By M. Ott
Nearly a quarter century after it was built, Monsanto’s Chesterfield Village Research Center will once again be home to the biggest research and development team in the field of agriculture. In a ceremony marking this momentous event, Hugh Grant, Monsanto chairman and CEO, and Robb Fraley, Monsanto chief technology officer, dedicated the site to the company’s employees on June 14.
With Missouri Gov. Jay Nixon, Charlie Dooley, St. Louis County executive, other government officials, farmers, partners, scientists, and numerous Monsanto employees – past and present – in the audience, Fraley opened the ceremony.
“It’s not only a great day for science, but ultimately it’s a great day for our farmers,” he said. “What we do here and at other sites around the world is help make agriculture more productive and more profitable for farmers, as well as more efficient and sustainable for our planet.”
The Future of Chesterfield Village Research Center
In support of the farmers and growers responsible for producing food, feed, fuel and fiber for the world, the Chesterfield Village Research Center will serve as Monsanto’s major hub for research and development. By the end of the year, the site is expected to house approximately 1,200 of the world’s leading scientists and researchers.
These 1,200 employees will work alongside researchers involved in some of Monsanto’s partnerships with public and private Missouri universities, including the University of Missouri, Saint Louis University, Lincoln University and Washington University.
The Chesterfield site currently has 26 greenhouses, 108 climate-controlled growth chambers and 250 laboratories. Over the next few years, Monsanto plans to add up to 15 greenhouses and 50 growth chambers.
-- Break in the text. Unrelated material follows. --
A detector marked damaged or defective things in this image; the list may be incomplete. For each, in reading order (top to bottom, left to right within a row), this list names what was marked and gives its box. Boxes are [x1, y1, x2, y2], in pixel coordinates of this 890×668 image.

Creating the Crops of the Future
“Cutting-edge scientific research is fast becoming a global enterprise, carried out by interdisciplinary teams of scientists with an emphasis on collaboration, transparency and openness,” Nixon said. “If that is the wave of the future, Monsanto is already riding its crest because collaboration is the lifeblood of this exciting expansion here in Chesterfield Village."
The Chesterfield Village Research Center site is the foundation for Monsanto’s business, and through innovating new and improved technologies, the company will be positioned to further deliver benefits and enhance farmers’ production. The site will continue to support Monsanto’s robust pipeline, which is focused on increasing agricultural productivity, such as drought-tolerant corn and higher-yielding soybeans. This pipeline is what will enable reaching the company’s goal of doubling yields in core crops by 2030.
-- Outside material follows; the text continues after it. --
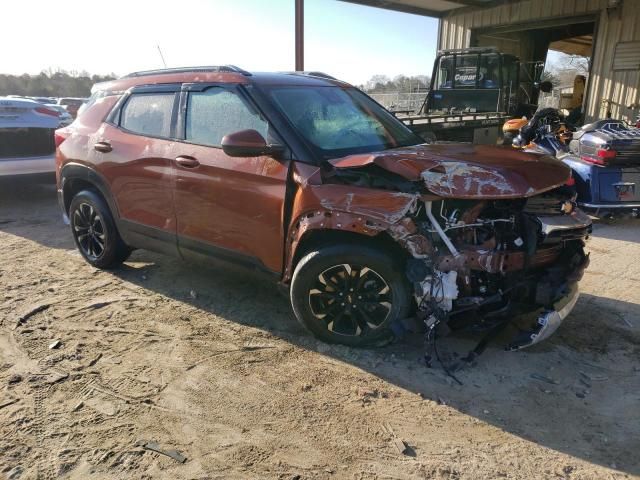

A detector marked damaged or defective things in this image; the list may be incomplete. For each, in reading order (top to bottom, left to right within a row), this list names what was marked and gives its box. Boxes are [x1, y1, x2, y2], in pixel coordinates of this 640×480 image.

crumpled hood [330, 142, 568, 199]
damaged red suv [55, 64, 592, 348]
damaged bumper [508, 284, 584, 348]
“At the end of the day, sustainable agriculture and working with farmers so they can do more with less is what our company is all about,” Grant said. “We want farmers around the world – including those farming right here in Missouri – to have access to all the tools available to help them meet the many challenges they face. Challenges like growing enough food and reducing agriculture’s impact on the environment. Challenges like building a strong business and providing a better future for their families."
A Site with a Past – and Now a Future
Grant said Monsanto is proud to call Chesterfield Village Research Center home again. The site was originally built by the former Monsanto Company for approximately $150 million and opened in 1984. In 2000, the former Monsanto merged with Pharmacia & Upjohn Inc. and changed its name to Pharmacia Corporation. The current Monsanto Company was incorporated in 2000 and spun off from Pharmacia in 2002, becoming a completely independent company focused solely on agriculture. The new Monsanto leased space at the Chesterfield site from Pharmacia, and the lease continued after Pfizer acquired Pharmacia in 2003.
“Reacquiring this facility is a significant investment for us – an investment in our business, an investment in our farmer customers, and we hope, an investment for the greater St. Louis region and the state of Missouri,” he said.